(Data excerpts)
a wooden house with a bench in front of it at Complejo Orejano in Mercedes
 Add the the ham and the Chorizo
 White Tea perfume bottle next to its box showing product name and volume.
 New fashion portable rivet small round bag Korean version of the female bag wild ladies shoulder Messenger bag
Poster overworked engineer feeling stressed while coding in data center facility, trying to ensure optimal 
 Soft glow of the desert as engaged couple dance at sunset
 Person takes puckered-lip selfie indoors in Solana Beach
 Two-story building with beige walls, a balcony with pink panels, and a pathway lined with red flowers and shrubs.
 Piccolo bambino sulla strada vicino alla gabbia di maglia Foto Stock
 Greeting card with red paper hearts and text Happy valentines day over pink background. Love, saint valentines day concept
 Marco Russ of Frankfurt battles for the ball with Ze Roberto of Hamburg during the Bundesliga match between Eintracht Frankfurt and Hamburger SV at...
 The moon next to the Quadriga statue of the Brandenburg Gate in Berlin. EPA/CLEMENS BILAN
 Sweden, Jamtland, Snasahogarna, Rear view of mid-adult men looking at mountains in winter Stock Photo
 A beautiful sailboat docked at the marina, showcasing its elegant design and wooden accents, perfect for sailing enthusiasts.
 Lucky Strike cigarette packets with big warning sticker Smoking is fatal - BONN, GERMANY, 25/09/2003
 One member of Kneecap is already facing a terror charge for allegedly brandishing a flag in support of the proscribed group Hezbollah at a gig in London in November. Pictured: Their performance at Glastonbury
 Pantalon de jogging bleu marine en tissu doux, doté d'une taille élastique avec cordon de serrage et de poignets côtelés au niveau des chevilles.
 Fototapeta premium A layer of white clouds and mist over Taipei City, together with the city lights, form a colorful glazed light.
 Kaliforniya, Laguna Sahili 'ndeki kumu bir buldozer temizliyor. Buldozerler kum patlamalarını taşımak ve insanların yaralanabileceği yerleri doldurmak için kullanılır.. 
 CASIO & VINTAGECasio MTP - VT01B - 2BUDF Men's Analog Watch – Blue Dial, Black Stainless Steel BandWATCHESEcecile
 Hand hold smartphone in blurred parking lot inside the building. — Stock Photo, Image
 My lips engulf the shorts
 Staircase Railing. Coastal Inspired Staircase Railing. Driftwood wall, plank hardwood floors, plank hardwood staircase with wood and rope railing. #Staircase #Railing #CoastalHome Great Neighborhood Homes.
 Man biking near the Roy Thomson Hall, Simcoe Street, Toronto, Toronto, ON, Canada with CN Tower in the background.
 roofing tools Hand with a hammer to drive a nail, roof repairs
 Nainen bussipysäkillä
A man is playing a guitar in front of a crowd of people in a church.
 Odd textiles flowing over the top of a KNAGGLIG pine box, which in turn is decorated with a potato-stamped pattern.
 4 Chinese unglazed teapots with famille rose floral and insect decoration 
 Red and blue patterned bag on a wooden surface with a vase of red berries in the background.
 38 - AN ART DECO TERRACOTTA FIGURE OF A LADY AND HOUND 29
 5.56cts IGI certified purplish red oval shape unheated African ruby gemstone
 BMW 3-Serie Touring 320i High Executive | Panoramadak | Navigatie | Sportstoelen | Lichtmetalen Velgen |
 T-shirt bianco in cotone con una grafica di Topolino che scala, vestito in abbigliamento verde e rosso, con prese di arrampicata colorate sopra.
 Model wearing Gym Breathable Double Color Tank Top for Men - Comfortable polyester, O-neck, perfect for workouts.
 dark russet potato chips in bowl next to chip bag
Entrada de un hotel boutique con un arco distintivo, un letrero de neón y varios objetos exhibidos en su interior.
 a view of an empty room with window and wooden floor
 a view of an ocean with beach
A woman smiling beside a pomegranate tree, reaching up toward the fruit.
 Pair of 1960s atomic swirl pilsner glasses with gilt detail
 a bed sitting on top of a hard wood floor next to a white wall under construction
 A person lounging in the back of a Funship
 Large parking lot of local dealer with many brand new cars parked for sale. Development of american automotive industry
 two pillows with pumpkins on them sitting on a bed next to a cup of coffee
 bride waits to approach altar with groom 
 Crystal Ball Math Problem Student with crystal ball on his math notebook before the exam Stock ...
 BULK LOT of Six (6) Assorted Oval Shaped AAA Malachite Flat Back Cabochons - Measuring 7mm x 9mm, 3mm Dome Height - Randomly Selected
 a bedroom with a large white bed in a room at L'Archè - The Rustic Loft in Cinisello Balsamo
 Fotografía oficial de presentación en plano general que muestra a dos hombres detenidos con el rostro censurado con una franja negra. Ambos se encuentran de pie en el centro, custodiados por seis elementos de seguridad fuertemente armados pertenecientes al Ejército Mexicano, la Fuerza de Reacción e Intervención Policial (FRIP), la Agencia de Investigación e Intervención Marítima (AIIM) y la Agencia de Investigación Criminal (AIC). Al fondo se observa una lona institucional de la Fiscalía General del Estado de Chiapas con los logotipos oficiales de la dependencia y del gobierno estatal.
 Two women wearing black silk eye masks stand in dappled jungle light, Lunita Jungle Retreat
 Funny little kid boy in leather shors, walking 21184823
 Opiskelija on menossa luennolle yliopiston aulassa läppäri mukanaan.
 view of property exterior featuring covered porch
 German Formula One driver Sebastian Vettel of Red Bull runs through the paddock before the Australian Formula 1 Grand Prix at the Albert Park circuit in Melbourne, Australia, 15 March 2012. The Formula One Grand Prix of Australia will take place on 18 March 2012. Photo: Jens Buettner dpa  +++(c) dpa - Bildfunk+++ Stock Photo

- What the task asks: In the records above, find the line containing "New fashion portable" and restate word for word every line from the first through that one.

- Response to the exercise:
a wooden house with a bench in front of it at Complejo Orejano in Mercedes
 Add the the ham and the Chorizo
 White Tea perfume bottle next to its box showing product name and volume.
 New fashion portable rivet small round bag Korean version of the female bag wild ladies shoulder Messenger bag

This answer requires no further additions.